Authors: Tamora Pierce
Fusspot didn't say a word. I looked up. He was pouring water into a bowl. Once it was full, he wet his finger and wrote signs all around its rim. Then he stared into the water, his pale eyes fixed. He was scrying in the bowl. He'd done so every night on the ship, communicating with Winding Circle, or trying to see what was going on around us. What was he trying to see now—Flare and Carnelian?
Rosethorn came to sit on the step next to me. She put an arm around my shoulders and held me close. She spoke in a whisper. "Are you sure of all this? No, never mind that. You are an appallingly truthful girl. Do you understand the meaning in what you have said?"
I shook my head. My poor stomach lurched.
"You describe the beginnings of a volcano. It makes sense of what's happening with the plants and water here," she explained. "Your friends looking for a way out—they will bring lava and gas with them in an explosion that may kill everyone on Mount Grace. Perhaps even all of Starns."

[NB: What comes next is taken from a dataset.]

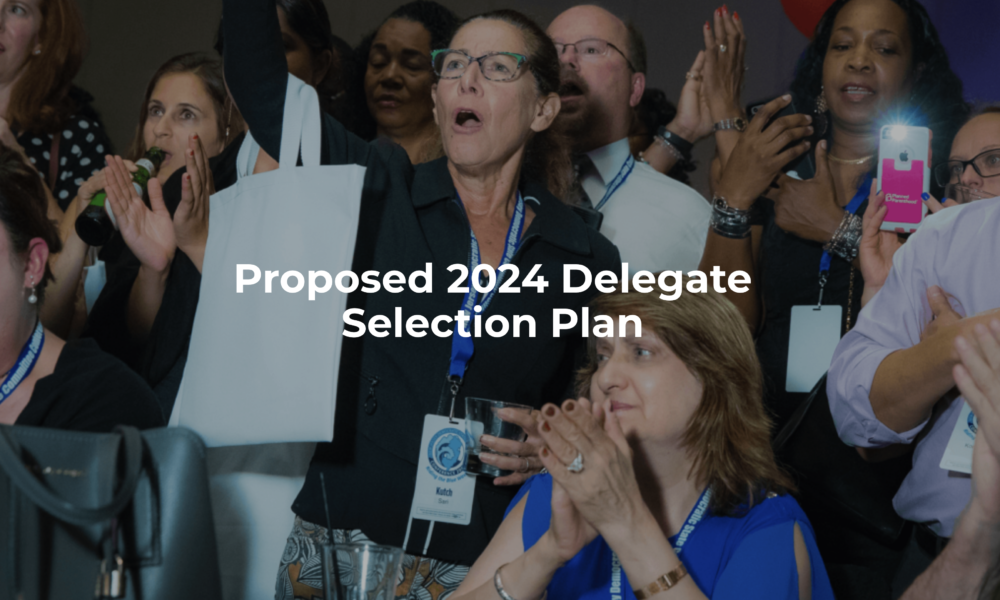 2024 Delegate Selection Plan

I shivered. Flare and Carnelian had such dreadful strength. Then there were the other spirits behind them, waiting. They might not search for a way out, but they would follow Carnelian and Flare. I was
sure
of it. "They
would
kill everyone, Rosethorn. That underground chamber is bigger than the lake. I don't know how deep it is. The power of them all…" I twisted to look at Luvo, though it hurt my bones to do it. "Why didn't you say we're looking at a volcano? I wouldn't have gone down there!" I kept my voice as quiet as Rosethorn's.
"I did not know." Luvo hung his head knob, not looking at us.
"But you were born in one!" I poked him with a finger.
"And I told you, who remembers his birth?" he asked. "I have not encountered a volcano in our travels. I did not know the early signs of an eruption. Rosethorn, are you
certain
that these signs pertain to such an occurrence?"
I put my hands to my head. Luvo asking Rosethorn to explain things a mountain should know—I felt as if my world had been upended.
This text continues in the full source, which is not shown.